• What you have to do:
Leaving out all pictures, transcribe the lines below exactly, from the first through the line containing "Adidas Sneaker Gr.".

• Information supplied:
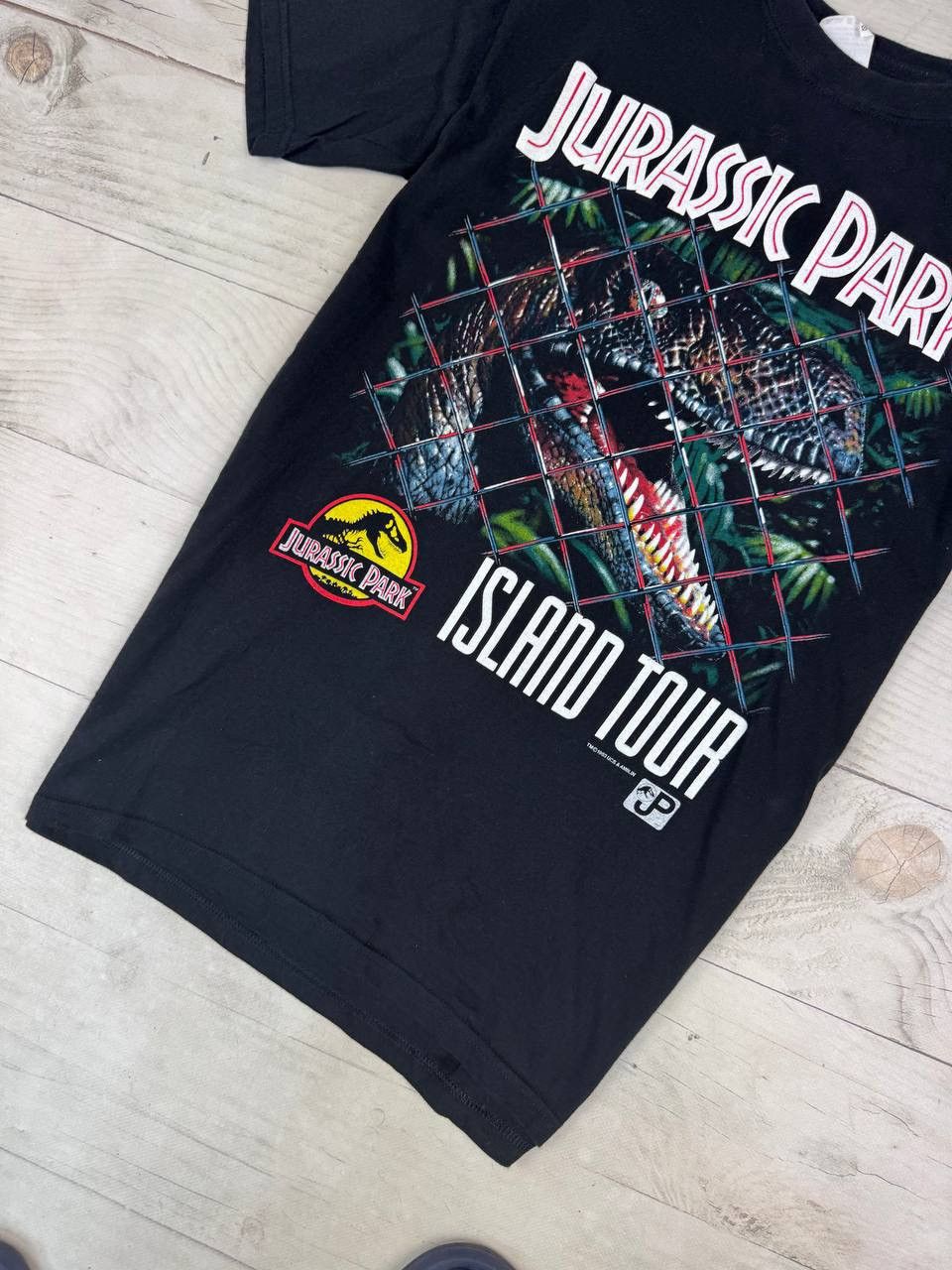 Vintage Vintage 1993 Jurassic Park Island Tour T-Shirt Size US S / EU 44-46 / 1 - 4 Thumbnail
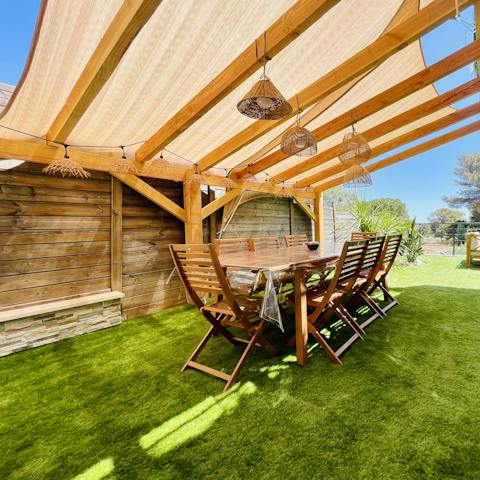 Enjoy cheesy croque monsieur alfresco for lunch as you sit down in this patch of shade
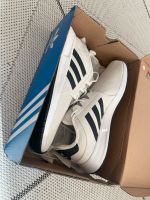 Adidas Sneaker Gr. 44 weiß  Turnschuhe Baden-Württemberg - Bad Wurzach Vorschau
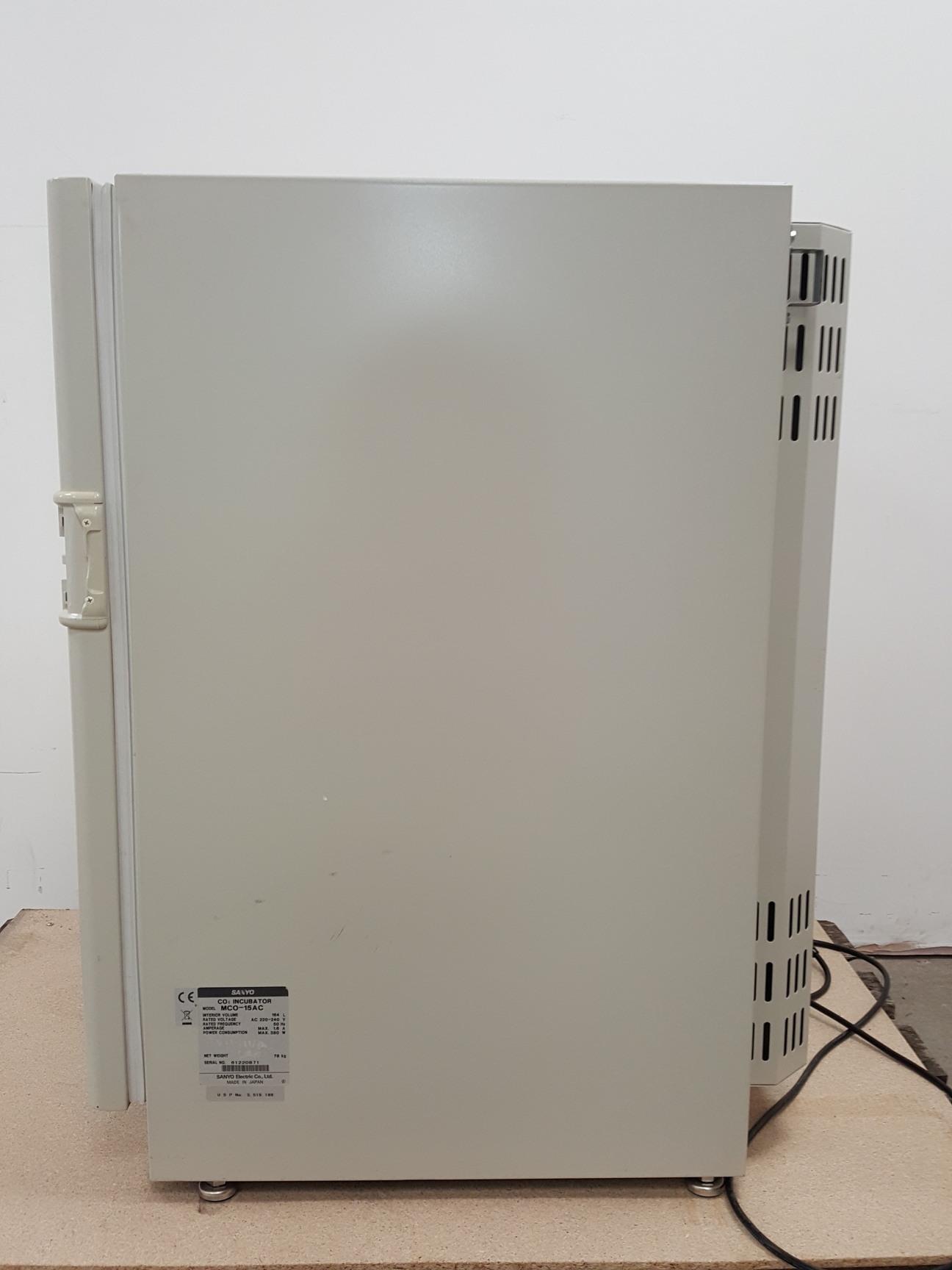 Image of Sanyo CO2 Incubator  Model - MCO-15AC Lab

• Exercise output:
 Vintage Vintage 1993 Jurassic Park Island Tour T-Shirt Size US S / EU 44-46 / 1 - 4 Thumbnail
 Enjoy cheesy croque monsieur alfresco for lunch as you sit down in this patch of shade
 Adidas Sneaker Gr. 44 weiß  Turnschuhe Baden-Württemberg - Bad Wurzach Vorschau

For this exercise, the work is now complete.